5.4 Common Vocabularies

Vocabulary Prefix Use
Schema.org (default) General metadata
Dublin Core Terms dcterms Document metadata
FOAF foaf People and relationships
SKOS skos Classification/taxonomy
PRISM prism Publishing metadata

6. Metadata in Document Hash

6.1 Included in Hash

The following Dublin Core terms are included in the document hash:

  • title
  • creator
  • subject
  • description
  • language

6.2 Excluded from Hash

These terms are NOT included (they're administrative):

  • date (changes frequently)
  • publisher
  • identifier (circular dependency)
  • rights (may be updated)

6.3 Rationale

Including semantic metadata in the hash ensures that:

  • Document identity reflects what it's about
  • Title changes create new document versions
  • Author attribution is cryptographically bound

7. Metadata Validation

7.1 Required Validation

  1. Dublin Core file exists at declared path
  2. Required terms (title, creator) present
  3. Date values are valid ISO 8601
  4. Language codes are valid BCP 47

7.2 Schema Validation

JSON Schema for Dublin Core:

{
  "$schema": "https://json-schema.org/draft/2020-12/schema",
  "type": "object",
  "required": ["version", "terms"],
  "properties": {
    "version": { "type": "string" },
    "terms": {
      "type": "object",
      "required": ["title", "creator"],
      "properties": {
        "title": { "type": "string", "minLength": 1 },
        "creator": {
          "oneOf": [
            { "type": "string" },
            { "type": "array", "items": { "type": "string" }, "minItems": 1 }
          ]
        }
      }
    }
  }
}

8. Metadata Access

8.1 Reading Metadata

Applications SHOULD provide easy access to metadata:

document.metadata.title       // "Annual Report 2025"
document.metadata.creator     // ["Jane Doe"]
document.metadata.language    // "en"

8.2 Searching by Metadata

Implementations SHOULD support metadata-based search:

  • By title (substring, fuzzy)
  • By creator (exact, fuzzy)
  • By subject (tag matching)
  • By date (range queries)

9. Examples

9.1 Minimal Dublin Core

{
  "version": "1.1",
  "terms": {
    "title": "Meeting Notes",
    "creator": "Team Lead"
  }
}

9.2 Complete Dublin Core

{
  "version": "1.1",
  "terms": {
    "title": "Climate Change Impact Assessment 2025",
    "creator": ["Dr.
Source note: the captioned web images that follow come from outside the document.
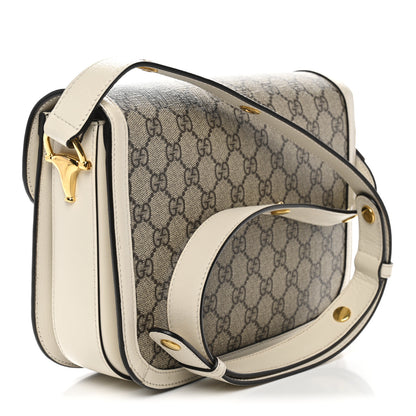 Gucci GG Supreme Monogram Horsebit 1955 Shoulder Bag Beige Mystic White 3 of 10
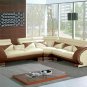 7392 - Modern Beige&Brown Leather Sectional Sofa
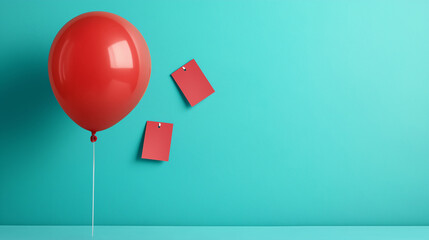 red balloon floating against turquoise background with red notes pinned. vibrant colors create cheerful and playful atmosphere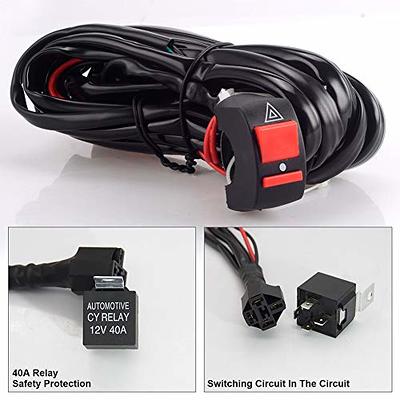 DZG Universal LED Light Wiring Harness Kit 12V with Relay 30A Fuse On Off  Switch for Motorcycle Driving Lights Auxiliary Work Lamps 2 Leads - Yahoo  Shopping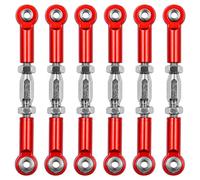 NUZAMAS 6 unidades de 71 mm de metal ajustable amortiguador RC Auto Tensor RC Barra de tracción de aleación de aluminio Juego de conexión para 1/10 RC Auto Buggy Touring Car Rojo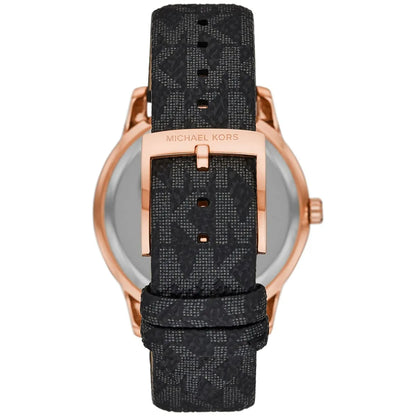 Michael Kors Camille MK6968 Rose Gold-Tone Watch with Black MK Logo Strap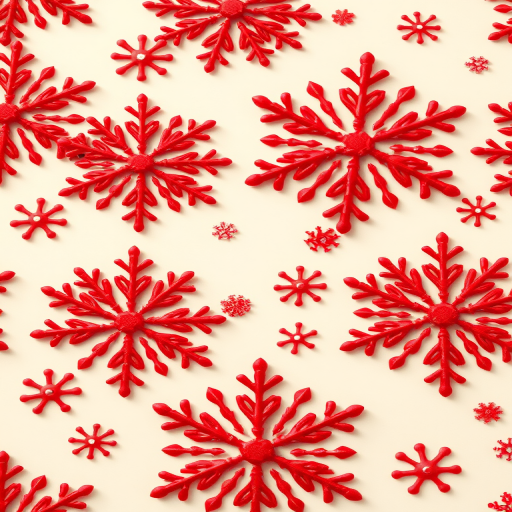 Create a seamless pattern of various red snowflakes on a light cream background, using a macro lens at f/8 for sharp detail, with a wide-angle view and a DSLR camera type to enhance image quality.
Jane Smith", "Dr. John Doe"],
    "subject": ["Climate Change", "Environmental Science", "Policy Analysis"],
    "description": "A comprehensive assessment of climate change impacts on coastal regions, with policy recommendations for adaptation strategies.",
    "publisher": "Environmental Research Institute",
    "contributor": ["Research Team", "Policy Advisory Board"],
    "date": "2025-01-15",
    "type": "Text",
    "format": "application/vnd.codex+json",
    "identifier": "sha256:abc123...",
    "source": "https://doi.org/10.1234/previous-study",
    "language": "en",
    "relation": "https://example.org/related-report",
    "coverage": "2020-2024, Global Coastal Regions",
    "rights": "Creative Commons Attribution 4.0 International (CC BY 4.0)"
  }
}

9.3 With Extended Metadata

Dublin Core (metadata/dublin-core.json):

{
  "version": "1.1",
  "terms": {
    "title": "Contract Agreement",
    "creator": "Legal Department"
  }
}

Extended (metadata/legal.json):

{
  "version": "0.1",
  "namespace": "https://codex.document/metadata/legal",
  "terms": {
    "contractType": "Service Agreement",
    "parties": ["Acme Corp", "XYZ Services"],
    "effectiveDate": "2025-02-01",
    "expirationDate": "2026-01-31",
    "governingLaw": "State of Delaware",
    "confidential": true
  }
}

Manifest reference:

{
  "metadata": {
    "dublinCore": "metadata/dublin-core.json",
    "custom": {
      "legal": "metadata/legal.json"
    }
  }
}